Macromolecules, Vol.54, No.6, 2852-2861, 2021
Stable Co-Continuous PLA/PBAT Blends Compatibilized by Interfacial Stereocomplex Crystallites: Toward Full Biodegradable Polymer Blends with Simultaneously Enhanced Mechanical Properties and Crystallization Rates
Constructing stable co-continuous morphology of commercial immiscible polymer blends remains an ongoing challenge in terms of complex presynthetic routes, multiple parameter dependency, and intrinsic instability of phase morphology. Herein, we demonstrate a full biodegradable polymer blend, poly(lactic acid) (PLA) and poly(butylene adipate-co-terephthalate), where hitherto inaccessible co-continuous with asymmetric compositions (70/30) can be obtained with the assistance of interfacial stereocomplex crystallites (i-SCs) through reactive blending.
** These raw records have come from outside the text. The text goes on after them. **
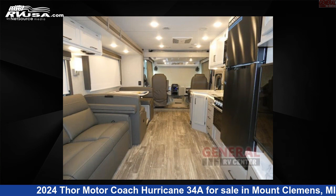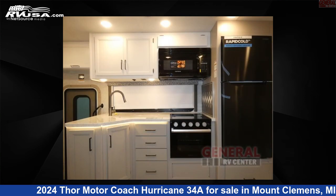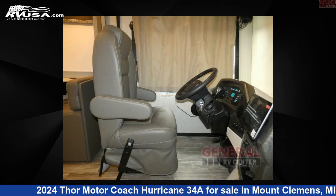The floor plan layout of this Class A features bunk over cab and outdoor entertainment. This 2024 Thor Motor Coach Hurricane 34A is built on a Ford F53 chassis. For more information and pricing on this unit, and to see all units available for sale by General RV Center, visit rvusa.com.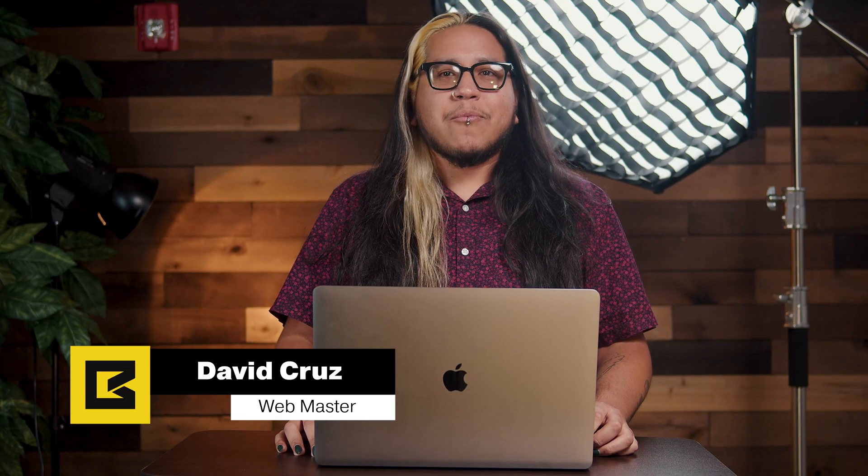Hey everyone, David Cruz here, webmaster at Butler Branding. Today we're going to be going over my UX strategy process for one of our clients, Save Mortgage Group. They're a mortgage company located in Madeira, trying to reach out into Fresno and grow further in the Central Valley altogether. They came to us looking to reach out more into the Central Valley.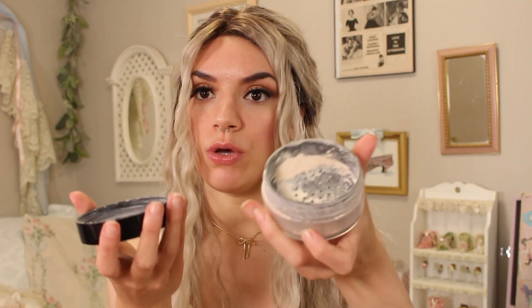I've had this Wet n Wild powder for quite a while — it's amazing. They have a white translucent powder and also a fair-toned one.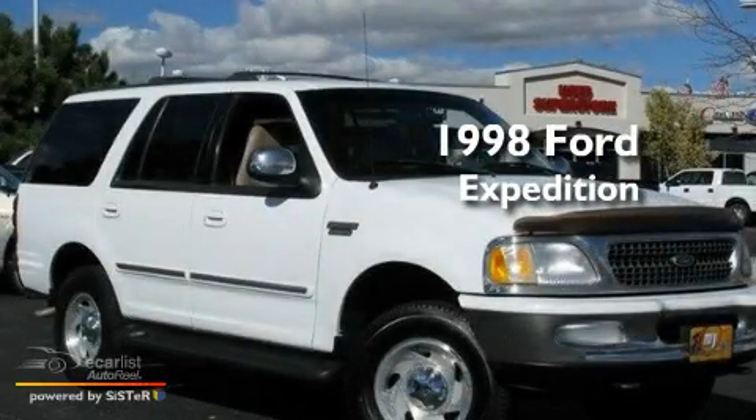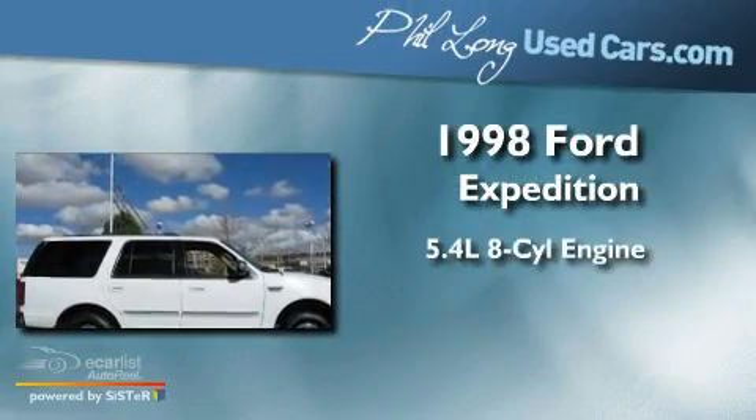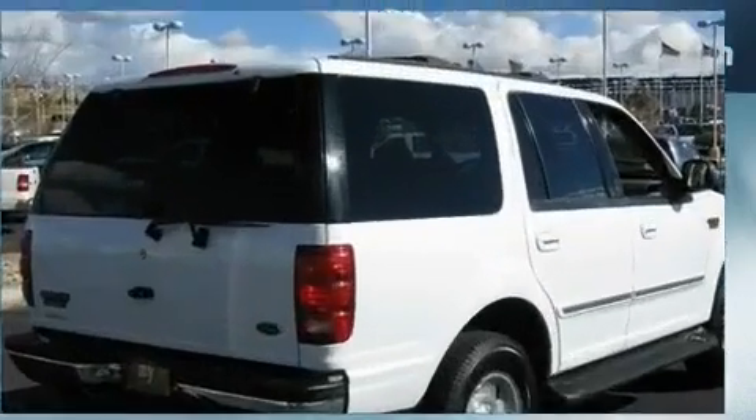This is a 1998 Ford Expedition. It features a 5.4 liter 8-cylinder engine, an automatic transmission, and 4-wheel drive.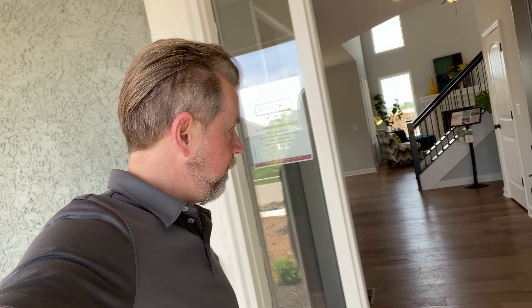Hey guys, it's Jeff again. I just wanted to show you our newest decorated model home that we have for sale now, which is our Bayfield one-and-a-half story. Starting with the porch outside — absolutely gorgeous. This one has a ton of great features.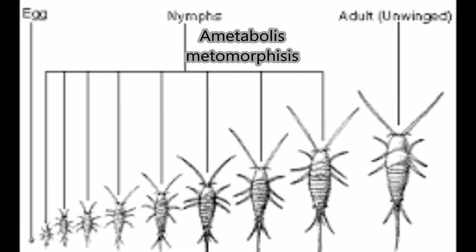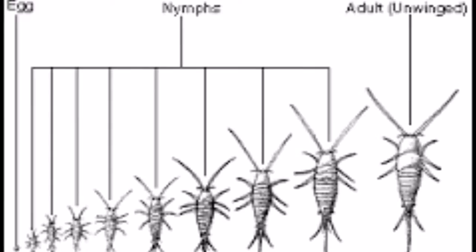The Thysanura order goes through ametabolous metamorphosis, meaning it lacks metamorphosis. The eggs hatch into young which are smaller than adults but are similar in appearance.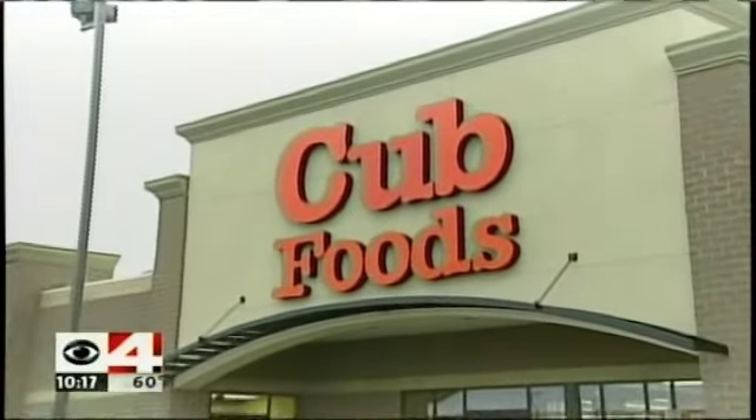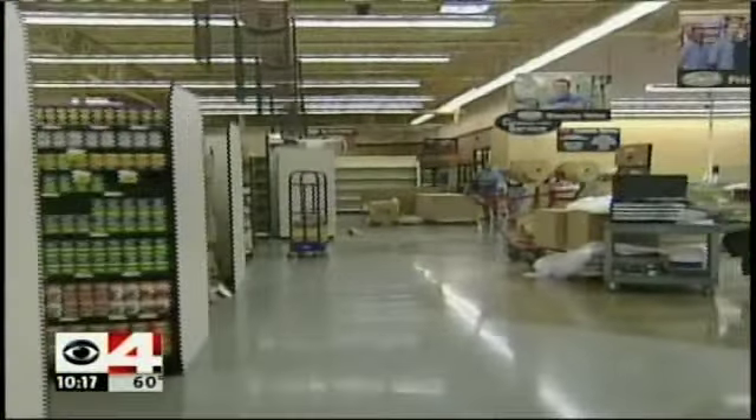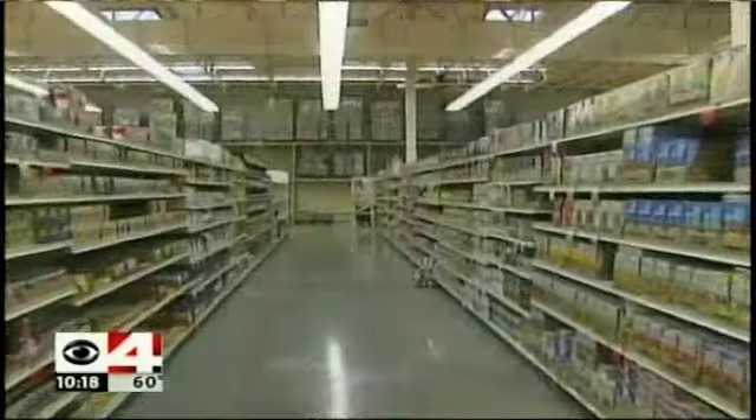Keeping operating costs down should help Cub keep food costs in check. We hope that this is another reason for the community to be excited that we're coming into their neighborhood. It's not likely you'll notice huge differences in this store compared to other Cub Foods, but that's sort of the point — to save the shopping experience you know, while saving energy and saving customers money.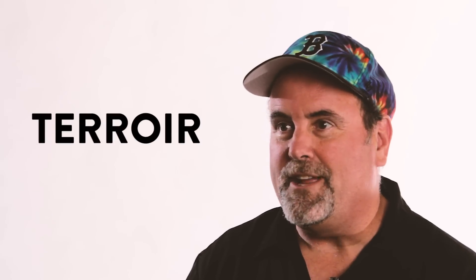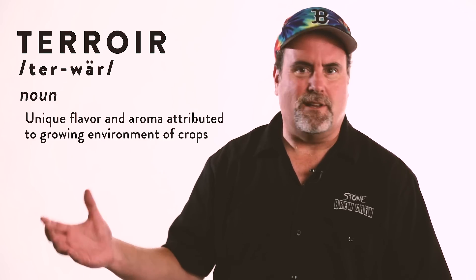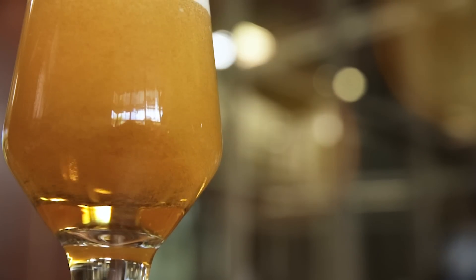Terroir is a very legitimate term to use. If something is grown somewhere else with different soil characteristics and different climate, it's going to taste different. There are elements of that with these hop-growing regions — you get certain characteristics from each region that you don't get from others.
By taking full advantages of this unprecedented compatibilizer, nanostructured co-continuous blends with synergistically enhanced comprehensive performance are achieved. First, due to the "rigid" i-SC, co-continuous morphology is induced through a simple melt blending procedure; second, considerable augmentation of the crystallization rate of the PLA matrix is accomplished on account of the in situ formed nucleation agent (i.e., i-SC); third, a super toughened material with simultaneously enhanced tensile strength, ductility, and impact strength can be acquired, resulting from the i-SC-induced co-continuous morphology; and fourth, i-SC can function as a "rigid" supporting layer between phases even above 200 degrees C, resulting in significantly enhanced morphology stability in melt. The versatile, facile, and practical strategy offers an industrially relevant technique to fabricate super-robust and fully biobased polymer materials.